Skforecast in GPU¶
Traditionally, machine learning algorithms are executed on CPUs (Central Processing Units), which are general-purpose processors that are designed to handle a wide range of tasks. However, CPUs are not optimized for the highly parallelized matrix operations that are required by many machine learning algorithms, which can result in slow training times and limited scalability. GPUs, on the other hand, are designed specifically for parallel processing and can perform thousands of mathematical operations simultaneously, making them ideal for training and deploying large-scale machine learning models.
Three popular machine learning libraries that have implemented GPU acceleration are XGBoost, LightGBM and CatBoost. These libraries are used for building gradient boosting models, which are a type of machine learning algorithm that is highly effective for a wide range of tasks, including forecasting. With GPU acceleration, these libraries can significantly reduce the training time required to build these models and improve their scalability.
Despite the significant advantages offered by GPUs (specifically Nvidia GPUs) in accelerating machine learning computations, access to them is often limited due to high costs or other practical constraints. Fortunatelly, Google Colaboratory (Colab), a free Jupyter notebook environment, allows users to run Python code in the cloud, with access to powerful hardware resources such as GPUs. This makes it an excellent platform for experimenting with machine learning models, especially those that require intensive computations.
The following sections demonstrate how to install and use XGBoost and LightGBM with GPU acceleration to create powerful forecasting models.
Note
The following code assumes that the user is executing it in Google Colab with an activated GPU runtime.
XGBoost¶
Version >= 2.0¶
When creating the model with XGBoost version >= 2.0, two arguments are need to indicate XGBoost to run in GPU, if it available: device='cuda'
and tree_method='hist'
.
# Libraries
# ==============================================================================
import numpy as np
import pandas as pd
import time
from xgboost import XGBRegressor
from skforecast.ForecasterAutoreg import ForecasterAutoreg
import torch
import os
import sys
import psutil
# Print information abput the GPU and CPU
# ==============================================================================
device = torch.device('cuda' if torch.cuda.is_available() else 'cpu')

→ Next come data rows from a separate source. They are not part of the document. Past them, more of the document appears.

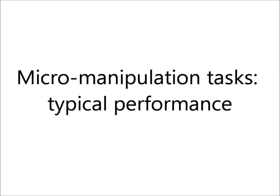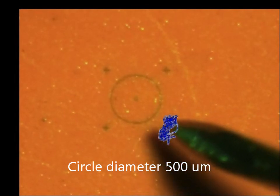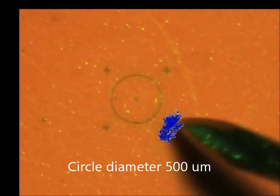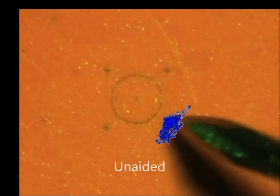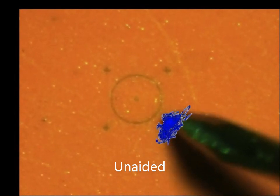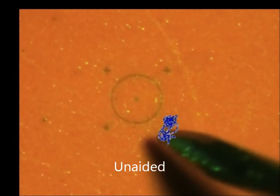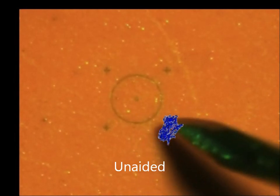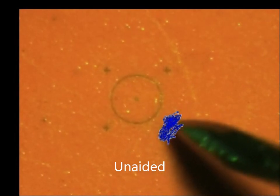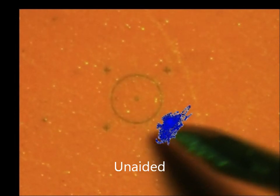We evaluated Micron's ability to improve accuracy in tasks that resemble microsurgical manipulations. The test target is rubber with a 500 micron or 1.5 mm diameter circle. The first task is simply attempting to hold the tip stationary. In this video, the tip trajectory is shown as a blue overlay. In conventional unaided operation, there is considerable rapid shaking of the tip. Notice how the tip sometimes presses into the surface, which would damage the patient's retina.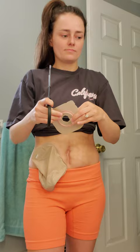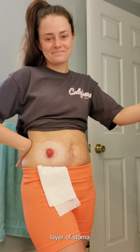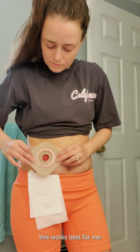If my skin isn't too excoriated or raw, I'll skip the stoma powder, like I did this time. If it's bad, I'll do a very light layer of stoma powder sealed in with skin barrier spray. I find that this has worked best for me and it leads to a long-lasting pouch.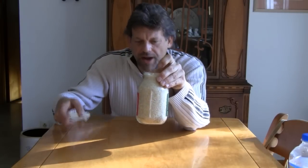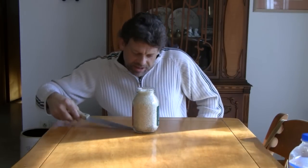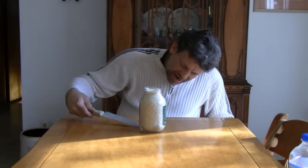A big jar of basmati rice and a big butcher knife. Challenge somebody to lift the jar of rice up using only the knife.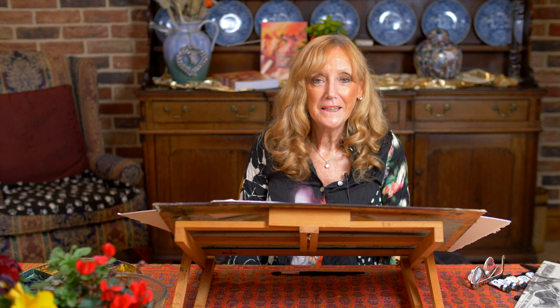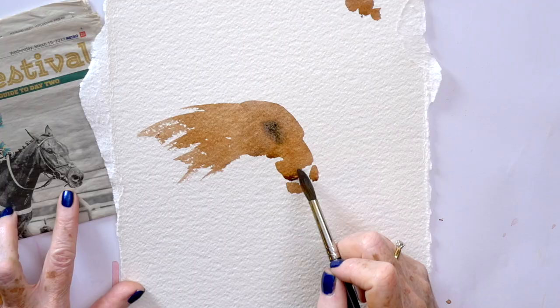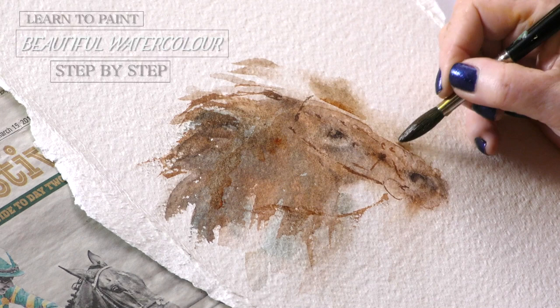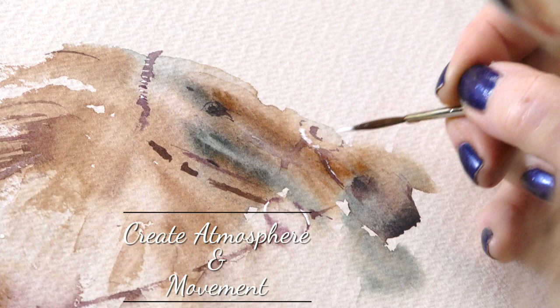Hi there! One of my favourite subjects is painting horse racing scenes, and in fact they are my most popular artworks to sell in galleries. In this tutorial I'm giving away all my secrets on how I paint movement and capture the effect in watercolour.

print('Using device:', device)
if device.type == 'cuda':
print(torch.cuda.get_device_name(0))
print('Memory Usage:')
print('Allocated:', round(torch.cuda.memory_allocated(0)/1024**3,1), 'GB')
print('Cached: ', round(torch.cuda.memory_cached(0)/1024**3,1), 'GB')
print(f"CPU RAM Free: {psutil.virtual_memory().available / 1024**3:.2f} GB")
# Data
# ==============================================================================
data = pd.Series(np.random.normal(size=1000000))
# Create and train forecaster with a XGBRegressor using GPU
# ==============================================================================
forecaster = ForecasterAutoreg(
regressor = XGBRegressor(
n_estimators=5000,
tree_method='hist',
device='cuda'
),
lags = 20
)
forecaster.fit(y=data)
Version < 2.0¶
When creating the model with XGBoost version < 2.0, two arguments are need to indicate XGBoost to run in GPU, if it available: tree_method='gpu_hist'
and gpu_id=0
.
# Create and train forecaster with a XGBRegressor using GPU
# ==============================================================================
forecaster = ForecasterAutoreg(
regressor = XGBRegressor(
n_estimators=5000,
tree_method='gpu_hist',
gpu_id=0
),
lags = 20
)
forecaster.fit(y=data)
LightGBM¶
!rm -r /opt/conda/lib/python3.6/site-packages/lightgbm
!git clone --recursive https://github.com/Microsoft/LightGBM
!apt-get install -y -qq libboost-all-dev
%%bash
cd LightGBM
rm -r build
mkdir build
cd build
cmake -DUSE_GPU=1 -DOpenCL_LIBRARY=/usr/local/cuda/lib64/libOpenCL.so -DOpenCL_INCLUDE_DIR=/usr/local/cuda/include/ ..
make -j$(nproc)
!cd LightGBM/python-package/;python3 setup.py install --precompile
!mkdir -p /etc/OpenCL/vendors && echo "libnvidia-opencl.so.1" > /etc/OpenCL/vendors/nvidia.icd
!rm -r LightGBM
Once all the above installation has been executed, it is necessary to restart the runtime (kernel).
# Libraries
# ==============================================================================
import numpy as np
import pandas as pd
import time
from lightgbm import LGBMRegressor
from skforecast.ForecasterAutoreg import ForecasterAutoreg
# Data
# ==============================================================================
data = pd.Series(np.random.normal(size=1000000))
# Create and train forecaster with a LGBMRegressor using GPU
# ==============================================================================
forecaster = ForecasterAutoreg(
regressor = LGBMRegressor(n_estimators=5000, device_type='gpu'),
lags = 20
)
forecaster.fit(y=data)